Q403 Dr Huppert: Commissioner, if for all of policing, including counter-terrorism and all the other things that you do, you found you had an extra £1.8 billion over the next 10 years, what would be your number one priority for how you choose to spend that money?

One would expect Mr Hogan-Howe to be “on message” when it comes to this as he was quite vocal when the draft bill was announced, describing the powers as necessary to wage a draconian-sounding Total War on Crime. This guy is one of the leading voices asking for the bill. Surely he must think it is good value for money?

Surprisingly, Communications Data would not be a priority. He’d rather spend the cash on other things such community policing and general IT.

In fact, Communications Data didn’t even get a mention.

Bernard Hogan-Howe: It is a good question, and I would need a bit of time to think about it, but there are probably two main things. One would be to enhance the neighbourhood and community policing response. I think there is an opportunity there for us to do more. The second thing is I want to invest more in technology, not to replace the people necessarily, but we in the Met spend about £220 million a years on IT. Across the country policing generally spends £1.2 billion on IT. My point would be that it is more green screen than it is iPad, I am afraid, and it does not seem to catch criminals. Lots of lists, but ANPR catches criminals, facial recognition helps, fingerprints, DNA quick turnaround. These are things that I think over time can make a real difference, and of course it links us into the community and the victims in a far better way in which you see business deliver a service. I don’t think we are anywhere near that yet. So that is the two big areas that I would probably invest in. Probably the other one would be training. We have embarked on a quality programme and I think in the past probably the police service has seen training as a cost not an investment.

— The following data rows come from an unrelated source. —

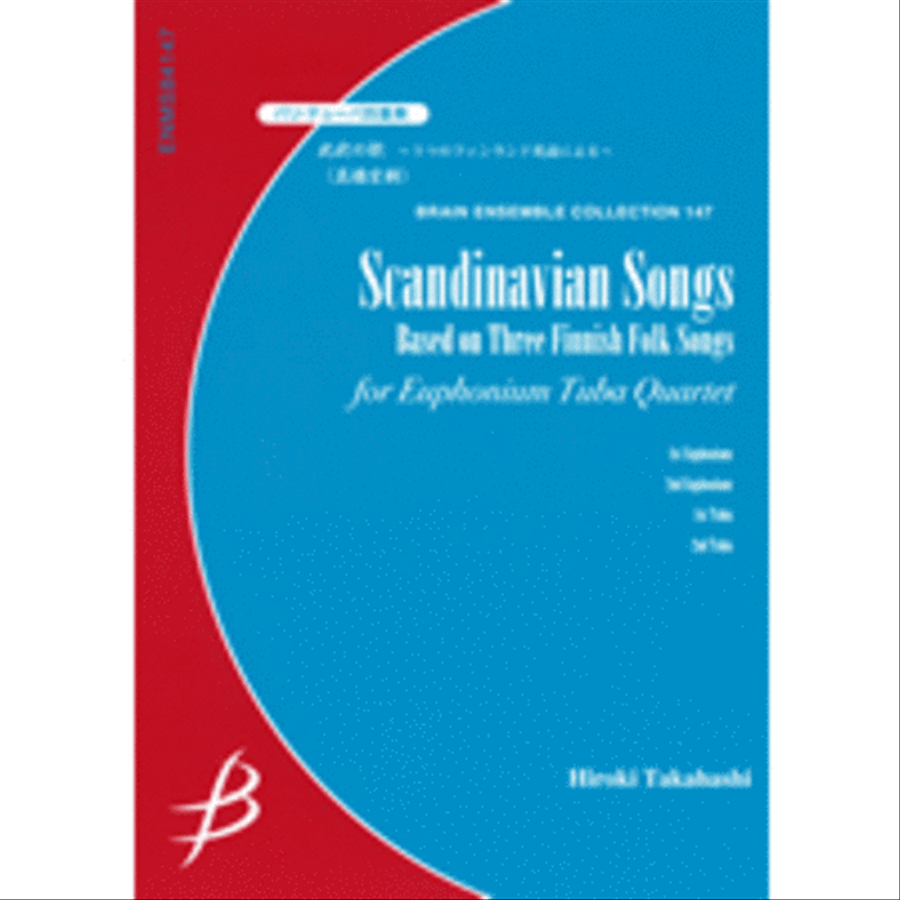 Scandinavian Songs - Euphonium & Tuba Quartet Tuba Quartet scores gallery preview page 1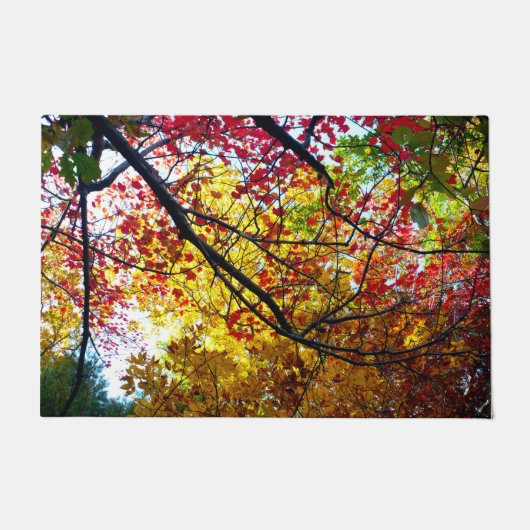 紅葉アットウォルデンポン ドアマット (正面)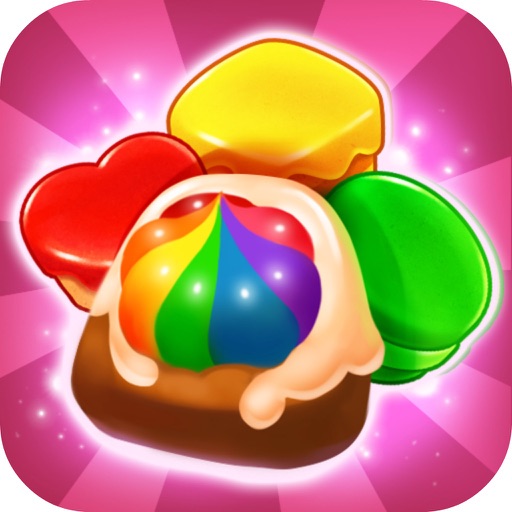 Jelly Rainbow Sweet Icon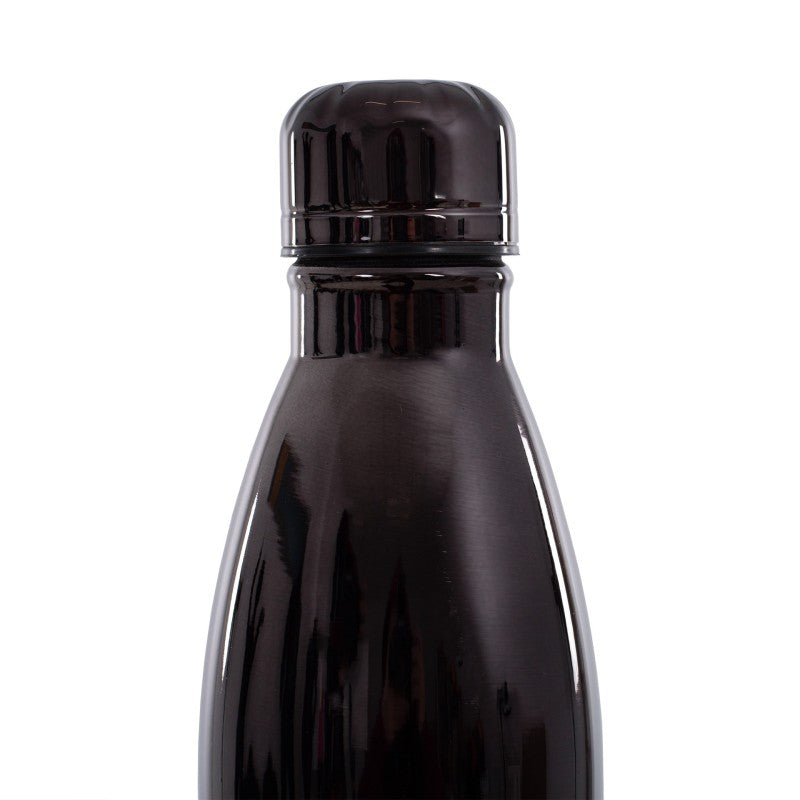 Black Crown Thermal Bottle Rojo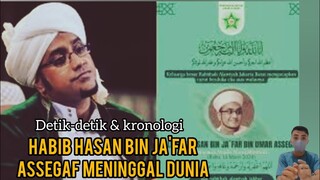 HABIB HASAN BIN JA'FAR ASSEGAF MENINGGAL DUNIA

For me it is an investment provided it is done properly and it is invested towards crime-fighting, which I think is vital.

(You can view this exchange on Parliament TV, starting from 11:02:23)

We already know that the proposals are incredibly expensive compared to the existing system and now even the police force primarily responsible for anti-terrorism don’t believe it’s good value for money.

So why are we doing it?

I’ve already put it online as a PDF, but here’s my submission to the committee on the draft Communications Data Bill in a slightly easier to read format.

QUESTION 1: Has the Home Office made it clear what it hopes to achieve through the draft Bill?

  1. Considering the draft bill itself, there is no apparent restriction on the powers that are granted by it, which does not give any way of assessing exactly what the intentions are. The powers could be used for deployment of “black boxes” en mass throughout the UK, could be used to just to target known hotspots, or could just be used to attempt to intercept information to and from non-cooperative web site owners. They may even be no deployment of interception, with the bill just being used to retain. additional information.

  2. In it’s publicity surrounding the bill, the Home Office (HO) stated legislation was needed because “New communications technologies are generating communications data in different ways and communications data is no longer always retained by communications service providers.” (Emphasis added) In oral evidence to the committee, Charles Farr and Richard Alcock also concentrated on the “data retention” aspect of the bill as being primary, rather than obtaining data via interception. (This is discussed further in answer to question 2)

  3. It would therefore seem that the HO are publicly trying to state that the bill is about retention. However, the powers being asked for include obtaining data via interception, and the use of these powers has not been made clear or publicly discussed in any detail by the HO.

  4. The Home Office (HO) has also stated that it has spoken to a number of service providers who do understand their aims here. However, it is certainly not clear to myself or to anyone else I have spoken to in the industry what the aims are. It may be that those who have been spoken to are not themselves technical, but instead managers in effect bidding for a slice of the £1.8bn on offer. As a result, without knowing who the HO have been communicating with, one should be wary of accepting assurance that the concerned service providers are happy (technically or otherwise) with the HO proposals. Even if the HO genuinely believes the assurances given to it by service providers, the assurances it has received may not be entirely have been made in good faith and from a disinterested position.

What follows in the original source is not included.